# Hopeless newbie

## thgreatoz

Ok, I got gentoo installed, but I have a few problems, most importantly my eth0 won't load.

I compiled the drivers directly into the kernel, but it still gives me the error 

Failed to bring eth0 up

ERROR: problem starting needed services.

             "netmount"was not started

I tried to do a modprobe, but I get the error

modprobe: Can't open dependencies file /lib/modules/2.4.19-16mdk/modules.dep (No such file or directory)

I get that error during boot, too...

The network card driver I want to use is 8139too - it worked during the live cd install.  What am I doing wrong?? I followed the installation instructions (I really did, I'm not just saying that) at www.gentoo.org/doc/build.html

Help!!!

Thx:)

----------

## pjp

 *thgreatoz wrote:*   

> I compiled the drivers directly into the kernel ...
> 
> The network card driver I want to use is 8139too - it worked during the live cd install.
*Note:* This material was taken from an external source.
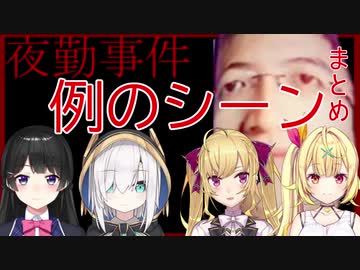 【夜勤事件】舟橋襲来‼ライバーの反応まとめpart１【にじさんじ】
 Which option did you compile into the kernel to get the 8139too?

If /boot is on a seperate partition, did you remember to mount it before copying to it?

----------

## thgreatoz

its under Network Device Support --->Ethernet (10 or 100 Mbit)--->Winbond W89c840 Ethernet Support

I also enabled PCI NE2000 and clones support...

eitherway, I don't see why I can't modprobe?

I checked dmesg, and all I have is the loopback.

----------

## thgreatoz

not dmesg, ifconfig -a.

Sorry, brain fart

----------

## pjp

8139too is from RealTek RTL-8139 PCI Fast Ethernet Adapter support.  Unless I'm mistaken, modprobe won't work if you've compiled the support into the kernel (instead of as a module).

----------

## r101

Hi,

First as was said, if the driver was compiled into the kernel modprobe wont work, but do a depmod -a to check everything else is ok.

Next, is /etc/conf.d/net set up correctly (it's fairly self explanatory), and does /etc/init.d/net.eth0 exist?

Finally, if you are using dhcp, does doing a dhcpcd eth0 bring up the network (ping www.google.com to check).

----------

## thgreatoz

well, if in conf.d/net, the only thing I have to have uncommented is iface_eth0="dhcp", then it's configured correctly.

depmod doesnt' work, but it may be because I have no modules, everything is in the kernel (is that bad?)

And dhcpcd doesn't bring up the network.  But, net.eth0 exists.

 :Sad: 

----------

## r101

Well, compiling in everything can make for a very big kernel, and having things as modules is a bit more flexible, but in this case it still should work.

Was there any error messages with the dhcpcd.  Also, what does /etc/init.d/net.eth0 start do?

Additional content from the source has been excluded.